Quito R. Motinggo
Akar kata du’a adalah da’a, yang berarti memanggil atau menyeru. Anda hanya dapat memanggil jika ada yang tak dapat dipisahkan dari dalam diri Anda, suatu energi yang akan menyempurnakan sebuah jawaban. Dari mana suatu pertanyaan datang, dari sana pula jawaban akan tiba. Yang memanggil sedang menyerukan satu kesatuan. Ia bisa memanggil karena ia mempunyai suatu energi di dalam dirinya dalam bentuk kehidupan yang merupakan sumber hasrat dari arah panggilan itu. Apa yang sedang Anda serukan berakar di dalam apa yang Anda panggil. Lewat pengalaman, seseorang menyadari, bahwa Anda hanya dapat meminta (berdoa) akan sesuatu yang Anda tahu dapat dicapai. Ini merupakan pengembangan fakultas intelek atau akal.
Di dalam bahasa ‘Arab, ‘aql berarti ikatan atau tambatan. ‘Aql adalah fakultas dari pemikiran yang dapat dikembangkan jika di sana ada sebuah ikatan atau tambatan, jika di sana ada ‘iqal. Hal ini merupakan bagian dari kultur orang-orang nomaden (yang tidak tinggal menetap di suatu tempat) untuk membuat seekor unta duduk. Sebaliknya, jika Anda tidak bisa menundukkannya, maka Anda tidak akan bisa menaruh berbagai barang di atas punggungnya. ‘ Iqal adalah tali pengikat yang mereka ikatkan pada kaki depan unta itu.
Jika seseorang memindahkan arah ini, ia akan menyadari bahwa ia tidak bisa membuat suatu permohonan, ia tidak bisa meminta apapun kecuali jika permohonannya itu dapat dicapai. Orang bodoh akan meminta sesuatu yang mustahil. Itulah romantisisme, mabuk, atau bahkan teracuni.

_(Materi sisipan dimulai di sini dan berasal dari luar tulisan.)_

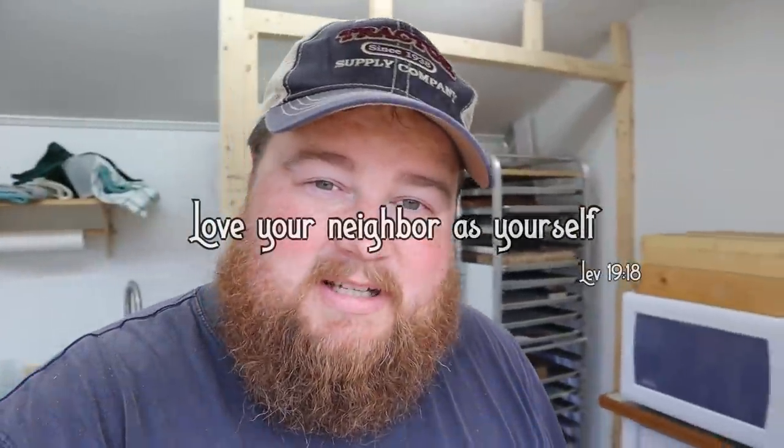Alright guys, that's it for this part. Give it a thumbs up if you like it. If you've got any questions on this video or anything else, you know what to do. Otherwise, take care and we'll see you guys next time on The Homestead.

Suatu titik dicapai di mana permohonan menjadi sangat pribadi, sedemikian subyektif, sangat batini, bahwa semua doa dapat terkabul, terbuka dan menerangi batin yang terdalam dari hati seseorang. Itu adalah doa yang terakhir. Suatu doa tidak hanya dilakukan untuk meningkatkan bagian luar melainkan diteruskan menuju ke peningkatan batin.

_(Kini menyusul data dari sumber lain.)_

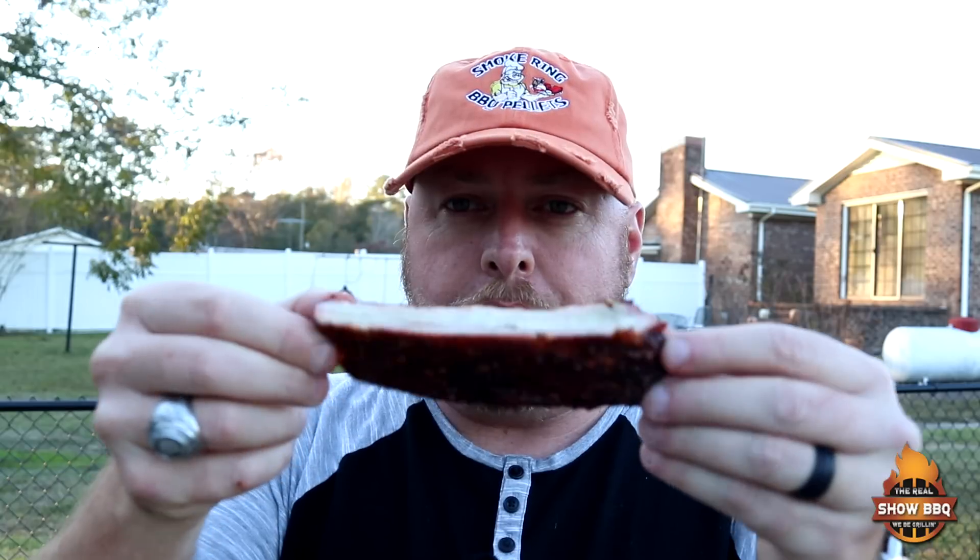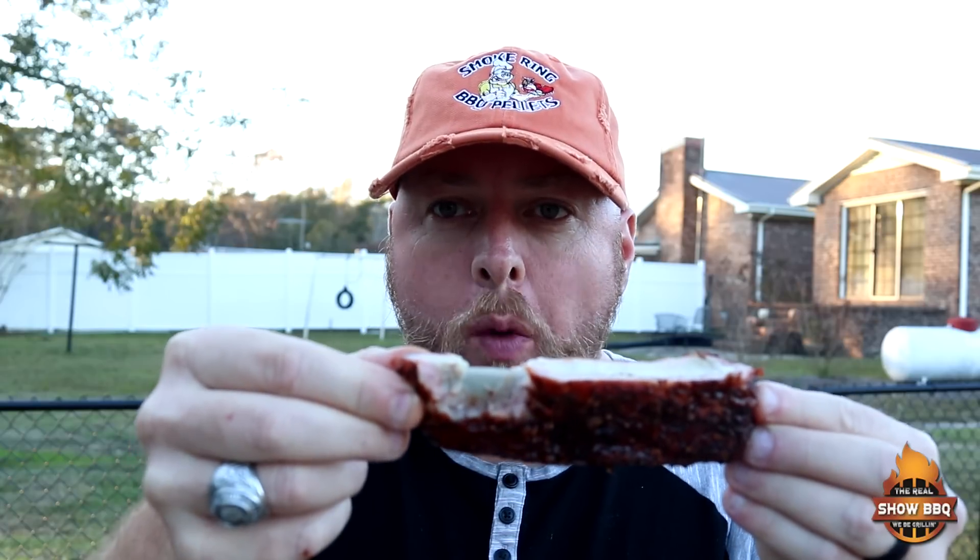Let's bite into them. Trying the Eastern North Carolina first — nice pullback, those typical flavors, nothing but savory with that sauce. Simple seasonings, tastes amazing. Got a nice bark to it. Now the Memphis — it's a little thicker piece. Clean bite, these are amazing as well. That Root Boy rub along with my Memphis barbecue sauce — great combination. These are so good.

Jika sesorang biasa membuat suatu permohonan yang tulus untuk sebuah rumah yang lebih baik, niat baiknya itu akan mewujudkan sebuah rumah yang lebih baik.

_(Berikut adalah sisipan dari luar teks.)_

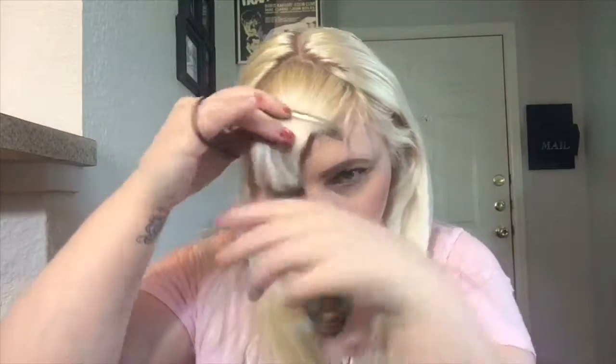You can do your bangs too if you want — I normally don't. After that, we are going to brush through our hair, make sure we have it all smooth and ready to go. Next, because I have bangs, depending on whether you have bangs or not, I like to section them off so I don't get them mixed in with the ponytail. I just take my duck bill clip and put them to the side.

Niat itu suatu waktu akan menemukan sebuah jalan untuk mewujud menjadi kenyataan, termanifestasi di dunia materi dalam perolehan pengetahuan untuk mendapatkan sebuah rumah. Jika harapan itu tidak layak dengan hukum-hukum yang menentukan keberadaan, maka hal tersebut mesti dapat disadari orang tersebut. Dengan harapannya tersebut, ia akan menyingkap dirinya sendirinya, yang berarti perolehan dari apa yang tengah ia pinta. Mengenai hal ini Al-Quran sudah sangat jelas. Harus ada makna untuk berbagai hal-hal yang terjadi ini. Maryam as (ibunda Isa al-Masih as) sendiri harus lebih dulu mengguncang pohon kurma, karena buah kurma tidak akan jatuh tanpa ia guncangkan terlebih dulu.*]
Kita harus melakukan sesuatu untuk rezeki kita (makanan atau minuman bergizi) agar ia juga datang kepada kita. Hal ini merupakan efisiensi maksimum ketika Anda mengetahui dengan tepat bagaimana cara melakukan hal itu dan ketika Anda melakukannya.
Kesadaran seseorang atas harapannya mulai muncul dalam suatu kenyataan dan bergerak ke sesuatu yang subtil. Tidak ada salahnya dengan hal itu;Jika Anda menginginkan seorang teman dan Anda mempunyai suatu gagasan seperti apa teman yang Anda inginkan, maka Anda akan mencari-cari orang tersebut sampai Anda menemukan teman yang cocok. Ini merupakan janji yang alami. Kita dididik dalam hidup ini untuk memenuhi janji tersebut, dan kita belum memenuhinya. Kita sendiri yang menciptakan di dalam diri kita sendiri ketakterpenuhan itu. Kita terus-menerus berusaha untuk mengisi lubang di jalan yang kita gali dalam hati kita sendiri.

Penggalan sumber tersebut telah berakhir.